Konsorsium astronom internasional mengidentifikasinya dengan Teleskop Luar Angkasa Hubble dari NASA, sebuah benda langka di alam semesta terdekat yang bisa menjadi contoh langsung dari a “galaksi gagal”: satu awan gas kompak tanpa bintang yang terlihat dan tampaknya didominasi oleh materi gelap.
Struktur itu diberi nama Awan-9. Nama Nube-9 mencerminkan posisinya sebagai konsentrasi gas kesembilan yang diidentifikasi di dekat galaksi spiral Messier 94, dengan bukti kemungkinan interaksi antara keduanya. Untuk saat ini, awan menjadi “laboratorium alami” untuk menyelidiki batas-batas pembentukan galaksi dan sifat-sifat materi gelap.
Menurut penulis belajarpenemuan itu menegaskan prediksi jangka panjang model teoritis tentang keberadaan konsentrasi materi gelap yang mampu menahan gas, namun tidak mampu memampatkannya secara cukup untuk memicu pembentukan bintang.
Alejandro Benitez-Llambaydari Universitas Milano-Bicocca dan peneliti utama studi ini, menekankan bahwa ketiadaan bintang bukanlah sebuah hal yang sia-sia, namun sebuah hasil penting: bagi para ilmuwan, “kegagalan” pembentukan bintang justru merupakan tanda bahwa mereka sedang menghadapi jenis struktur yang diperkirakan akan ditemukan, namun hal ini masih harus dikonfirmasi.
Nube-9 termasuk dalam kategori RELHICs (singkatan dari “Limited Reionization HI Clouds”), yaitu objek yang terdiri dari hidrogen netral (HI) yang muncul pada tahap awal alam semesta dan, meskipun mengandung gas, tidak pernah memulai pembentukan bintang.

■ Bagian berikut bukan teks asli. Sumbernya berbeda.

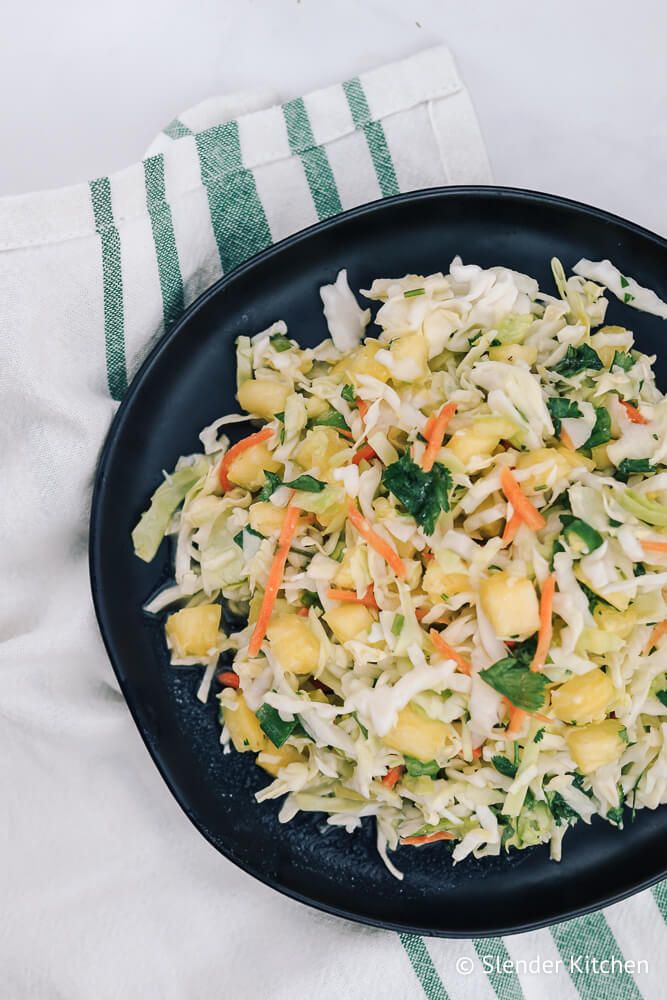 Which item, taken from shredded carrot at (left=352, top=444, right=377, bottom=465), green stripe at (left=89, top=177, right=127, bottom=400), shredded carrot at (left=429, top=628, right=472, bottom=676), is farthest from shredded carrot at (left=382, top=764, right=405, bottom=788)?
green stripe at (left=89, top=177, right=127, bottom=400)

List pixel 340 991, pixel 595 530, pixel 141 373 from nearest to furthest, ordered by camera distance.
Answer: pixel 595 530 < pixel 141 373 < pixel 340 991

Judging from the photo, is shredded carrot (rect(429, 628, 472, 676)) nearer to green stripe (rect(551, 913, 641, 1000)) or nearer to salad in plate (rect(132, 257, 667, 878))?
salad in plate (rect(132, 257, 667, 878))

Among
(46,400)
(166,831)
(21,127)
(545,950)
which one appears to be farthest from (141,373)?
(545,950)

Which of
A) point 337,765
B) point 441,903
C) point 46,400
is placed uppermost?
point 46,400

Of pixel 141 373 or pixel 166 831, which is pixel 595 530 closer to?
pixel 141 373

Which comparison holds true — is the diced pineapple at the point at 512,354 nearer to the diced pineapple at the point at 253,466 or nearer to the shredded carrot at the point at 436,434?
the shredded carrot at the point at 436,434

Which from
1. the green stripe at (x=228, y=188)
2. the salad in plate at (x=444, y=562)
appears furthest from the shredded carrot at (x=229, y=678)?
the green stripe at (x=228, y=188)

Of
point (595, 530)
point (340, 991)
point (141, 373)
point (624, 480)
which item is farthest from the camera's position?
point (340, 991)

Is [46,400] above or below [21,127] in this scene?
below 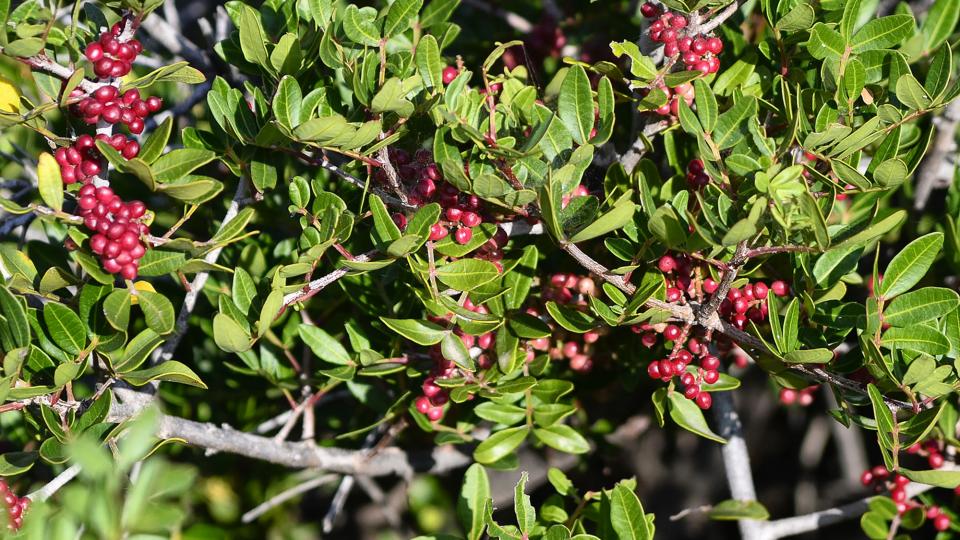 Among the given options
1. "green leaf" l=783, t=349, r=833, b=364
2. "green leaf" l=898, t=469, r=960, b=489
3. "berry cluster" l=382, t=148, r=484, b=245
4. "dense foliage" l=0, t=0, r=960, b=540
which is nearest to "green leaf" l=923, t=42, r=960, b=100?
"dense foliage" l=0, t=0, r=960, b=540

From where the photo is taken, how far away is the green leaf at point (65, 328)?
1.26m

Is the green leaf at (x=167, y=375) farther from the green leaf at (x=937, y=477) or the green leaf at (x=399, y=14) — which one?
the green leaf at (x=937, y=477)

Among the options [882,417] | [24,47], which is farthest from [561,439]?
[24,47]

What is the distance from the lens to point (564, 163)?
1258 mm

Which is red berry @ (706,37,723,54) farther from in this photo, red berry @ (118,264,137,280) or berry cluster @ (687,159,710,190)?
red berry @ (118,264,137,280)

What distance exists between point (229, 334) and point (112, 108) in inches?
14.1

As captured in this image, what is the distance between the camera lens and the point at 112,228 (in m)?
1.18

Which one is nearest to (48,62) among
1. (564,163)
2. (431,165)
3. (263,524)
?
(431,165)

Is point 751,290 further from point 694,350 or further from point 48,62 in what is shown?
point 48,62

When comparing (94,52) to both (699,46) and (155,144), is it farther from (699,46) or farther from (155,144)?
(699,46)

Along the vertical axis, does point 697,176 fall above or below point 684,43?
below

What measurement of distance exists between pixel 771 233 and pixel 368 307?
0.71 m

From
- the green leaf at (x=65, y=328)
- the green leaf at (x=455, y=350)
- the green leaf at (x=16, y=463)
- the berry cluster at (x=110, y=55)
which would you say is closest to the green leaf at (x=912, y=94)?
the green leaf at (x=455, y=350)

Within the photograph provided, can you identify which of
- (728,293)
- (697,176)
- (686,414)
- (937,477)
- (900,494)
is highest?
(697,176)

Ke Andrew Fox, cloud berfungsi sebagai “a jendela menuju alam semesta yang gelap”, karena memungkinkan studi materi gelap secara tidak langsung dalam sistem di mana hampir tidak ada cahaya yang dihasilkan oleh bintang, mengutip tersebut Fis.

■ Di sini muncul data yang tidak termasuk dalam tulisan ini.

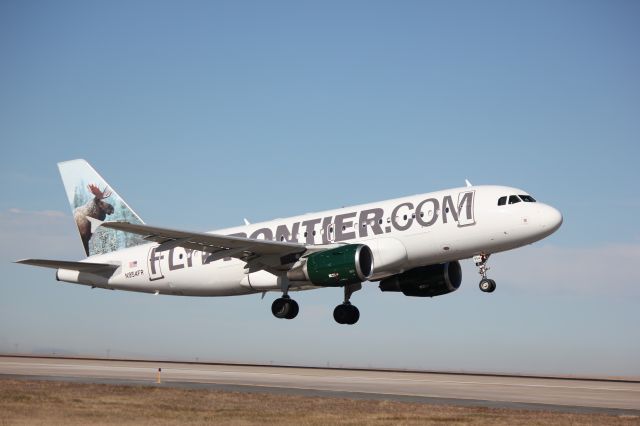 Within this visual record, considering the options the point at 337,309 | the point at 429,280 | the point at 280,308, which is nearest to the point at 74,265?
the point at 280,308

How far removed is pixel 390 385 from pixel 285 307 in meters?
9.34

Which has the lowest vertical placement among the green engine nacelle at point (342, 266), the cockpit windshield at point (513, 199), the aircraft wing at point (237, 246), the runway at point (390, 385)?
the runway at point (390, 385)

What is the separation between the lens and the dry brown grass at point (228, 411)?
76.1 feet

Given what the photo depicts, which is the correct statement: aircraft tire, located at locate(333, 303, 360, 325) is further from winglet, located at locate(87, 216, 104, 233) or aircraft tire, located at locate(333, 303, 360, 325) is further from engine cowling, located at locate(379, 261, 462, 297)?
winglet, located at locate(87, 216, 104, 233)

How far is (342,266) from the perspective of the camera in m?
38.0

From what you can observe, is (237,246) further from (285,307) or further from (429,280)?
(429,280)

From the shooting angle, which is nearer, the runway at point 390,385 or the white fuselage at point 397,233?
the runway at point 390,385

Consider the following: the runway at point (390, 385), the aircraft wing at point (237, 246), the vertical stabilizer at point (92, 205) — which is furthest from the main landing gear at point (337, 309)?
the vertical stabilizer at point (92, 205)

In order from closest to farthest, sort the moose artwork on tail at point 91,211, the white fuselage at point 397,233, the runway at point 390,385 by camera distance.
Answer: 1. the runway at point 390,385
2. the white fuselage at point 397,233
3. the moose artwork on tail at point 91,211

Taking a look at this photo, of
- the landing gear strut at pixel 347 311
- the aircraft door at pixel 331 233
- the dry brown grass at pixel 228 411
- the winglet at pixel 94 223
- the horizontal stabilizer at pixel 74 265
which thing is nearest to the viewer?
the dry brown grass at pixel 228 411

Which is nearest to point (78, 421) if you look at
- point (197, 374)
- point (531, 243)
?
point (197, 374)

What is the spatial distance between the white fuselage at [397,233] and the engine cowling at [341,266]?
2.90 feet

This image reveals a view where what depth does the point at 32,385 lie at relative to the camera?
31125 millimetres

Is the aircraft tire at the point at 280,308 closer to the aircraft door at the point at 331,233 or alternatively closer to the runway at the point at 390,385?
the runway at the point at 390,385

Sensitivitas Hubble memerlukan konfirmasi: Gagandeep Anand, penulis utama, menjelaskan bahwa pengamatan sebelumnya tidak mengesampingkan hipotesis bahwa itu adalah galaksi katai yang sangat redup, tidak terlihat oleh teleskop berbasis darat.
Dengan menggunakan Advanced Camera for Research Hubble, tim menyimpulkan bahwa tidak ada bintang yang terdeteksi terkait dengan objek tersebut.
Tidak seperti banyak awan hidrogen di dekat Bima Sakti, yang umumnya luas dan tidak beraturan, Nube-9 justru demikian kecil, kompak dan hampir bulat.
Inti HI akan berdiameter sekitar 4.900 tahun cahaya dan akan mengandung sekitar satu juta gas bermassa matahari. Dari nilai ini, para peneliti memperkirakan bahwa, jika gas tersebut seimbang dengan gravitasi halo materi gelap, total massa sistem dapat mencapai sekitar lima miliar massa matahari – cukup untuk menyatukan gas, namun tidak cukup untuk menyebabkannya runtuh dan membentuk bintang.